1. Field of the Invention
The present invention relates to a fixing apparatus for use in image forming apparatus such as an electrophotographic copying machine and data recorder. More particularly, the present invention relates to such type of fixing apparatus wherein a nip pressure is applied to a toner image bearing member between a pair of rotating members so as to fix the toner image onto the bearing member.
2. Description of the Prior Art
In the art, there are known and used various types of fixing systems. They are generally classified into two groups, thermal fixing systems and pressure fixing systems. Examples of the former group are heat chamber systems, flash fixing systems and heating roller systems employing rotating members. A typical example of the latter systems is a pressure roller fixing system in which a pressure is applied by a pair of rollers.

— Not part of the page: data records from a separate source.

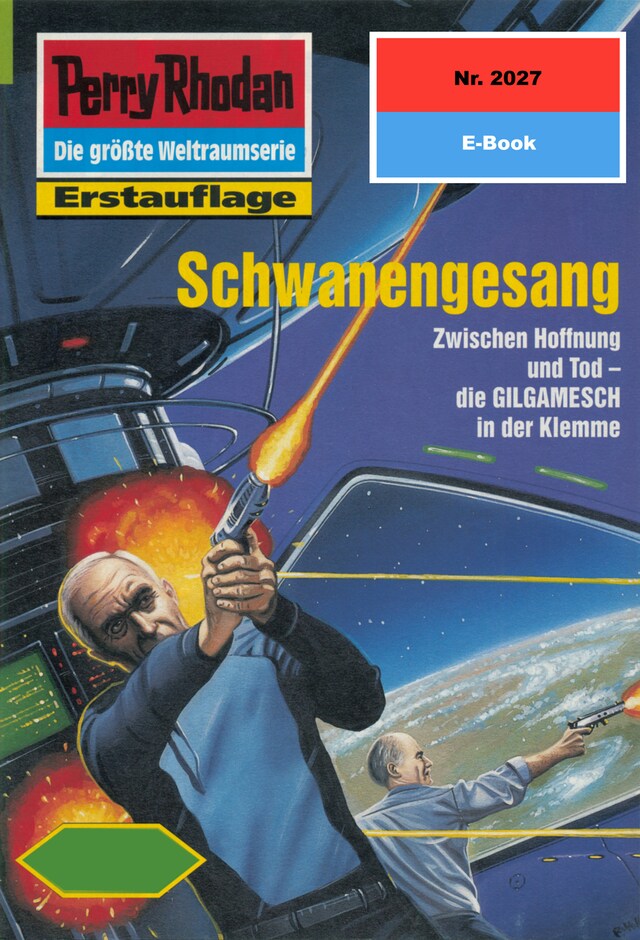 Book cover for Perry Rhodan 2027: Schwanengesang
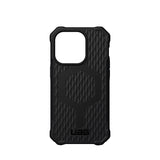 iPhone 14 Pro UAG ESSENTIAL ARMOR Series Bagside Cover - MagSafe Kompatibel - Black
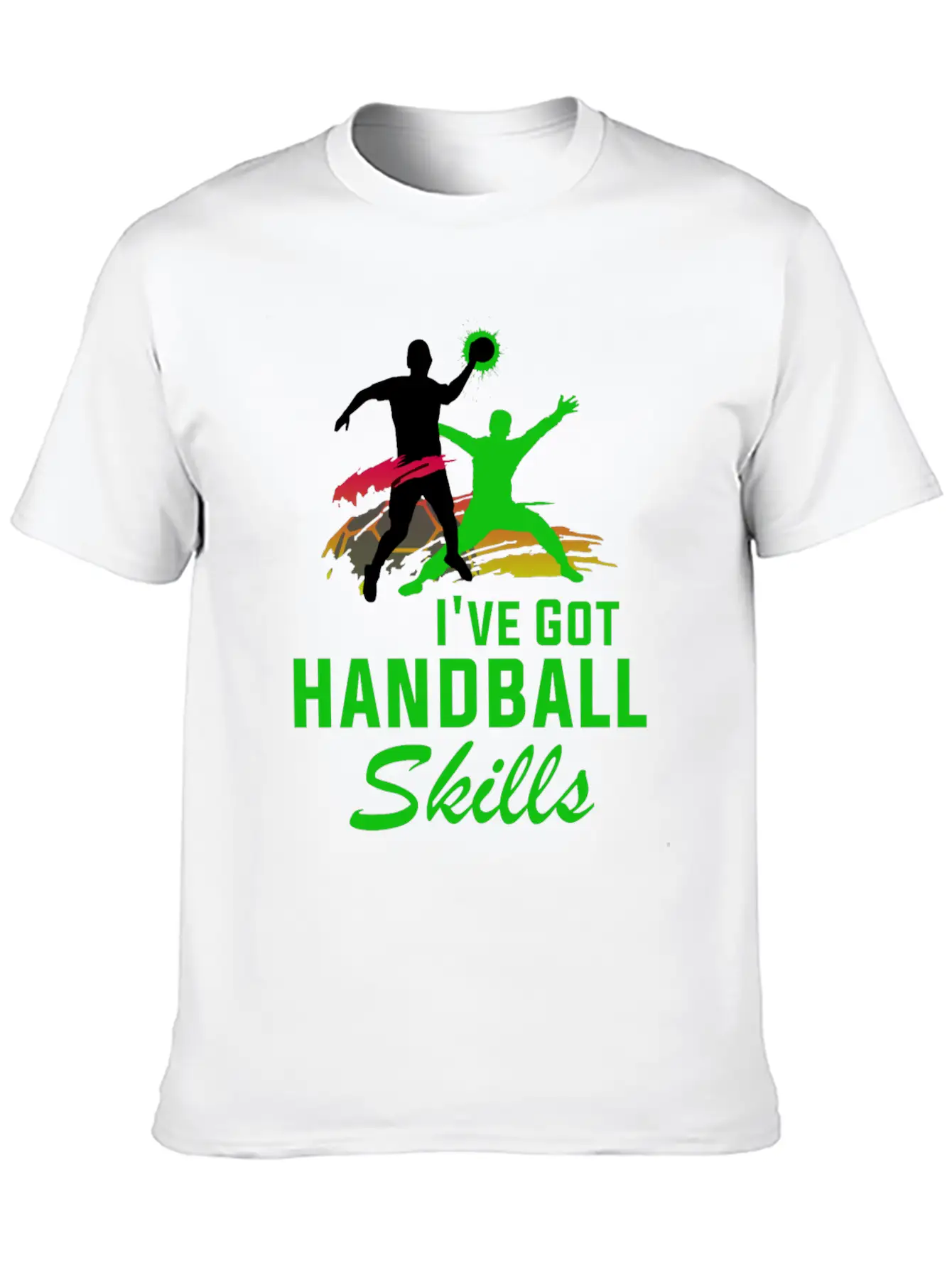 Handball Hand Ball Player Throw Sports Tournament Breathable Graphic T-Shirt – Perfect For Casual Days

According to the thermal fixing method, heat is applied to the toner image to fuse the toner and fix it to the image bearing member. The pressure fixing method uses a pair of rollers and the toner is fixed to the toner image bearing member by the nip pressure between the rollers. The pressure fixing method need not use heat and has an advantage in that there is no wait time as compared with the thermal fixing method. For example, in the case of heating roller system, the fixing apparatus can not be usable until the roller is warmed up to a necessary temperature. The time required for this warming up is mere wait time during which the apparatus is standing at rest. For pressure fixing systems such wait time is unnecessary. For this advantage, in these years, the pressure fixing system has attracted attention in the art.
However, the pressure fixing system involves some problems. Among them, irregularity of pressure is the most important problem. In the pressure fixing apparatus, the pressure application is done at the side plates by means of air pressure or spring pressure. If the transfer sheet (image bearing member) passes through between the pair of rollers in a position deviated from the symmetrical position with respect to the length of the rollers, then the rollers are somewhat inclined and therefore the nip pressure can no longer be applied uniformly to the transfer sheet. The pressure applied to the transfer material is higher than necessary at some part and lower at another part of the transfer material. Such irregularity of applied pressure results in poor image quality.
To solve the problem, there have been proposed and used some methods. One solution hitherto known is to apply a very high pressure to the whole image bearing member so as to obtain the necessary fixing pressure even at the lowest pressure portion. Another solution is to design the fixing apparatus in such manner that all image bearing members always pass through the middle of the roller no matter what different sizes the image bearing members may have. However, for the first mentioned solution, employing very large pressure, it is required to increase the durability and pressure resistance of the apparatus. This makes the apparatus large in size and heavy in weight. The latter mentioned solution also has some difficulties. After transferring the toner image to the image bearing member from the photosensitive medium, it is required to separate the image bearing member from the photosensitive medium with the aid of particular means such as corona discharger or gripper. Without such aid, it is difficult to convey the image bearing material correctly. Therefore, when the latter mentioned solution is used, it becomes very difficult to employ any simple separation method such as a separation belt system. These difficulties result in cost-up and complication of the apparatus.
For better understanding of the present invention, the problem involved in the prior art fixing system will be further described hereinafter with reference to FIG. 1.
FIG. 1A shows a pair of rollers used in the prior art pressure fixing apparatus. FIG. 1B shows the same pair of rollers with a sheet of image bearing member between the rollers by which a developed image is fixed on the sheet. FIG. 1C is a graph showing the distribution of pressure applied to the sheet.
In FIG. 1A, the two rollers R1 and R2 are pressed against each other by a known pressing mechanism (not shown). In the shown position, no fixing is being carried out and the two rollers are in contact with each other under a constant pressure. Therefore, in this position, the distribution of the nip pressure is uniform. In FIG. 1B, P is a sheet of transfer material which is now passing through the nip between the rollers R1 and R2 for fixing. At both ends of the rollers R1, R2 a load (pressure) W1 is being applied to the rollers. The transfer sheet P between the rollers R1 and R2 is deviated from the symmetrical position with respect to the axial direction of the roller. As the center line of the transfer sheet is not in alignment with the middle of the nip width between R1 and R2, the upper roller R1 is somehow inclined as seen in FIG. 1B. By this inclination of the roller, at the axial middle area of the roller, an excessively large pressure is applied to the sheet P. On the contrary, at the axially end area of the roller toward which the sheet is deviated from the center, the roller R1 becomes raised and the pressure applied to the sheet P is less than the necessary fixing pressure. Therefore, in this area, the toner image is insufficiently fixed. Such irregularity of applied pressure to the sheet P is seen best from the pressure distribution curve in FIG. 1C.
The present invention has solved the problem in a very simple manner. With the fixing apparatus according to the invention, the fixing pressure is applied always uniformly to all parts of the image bearing member.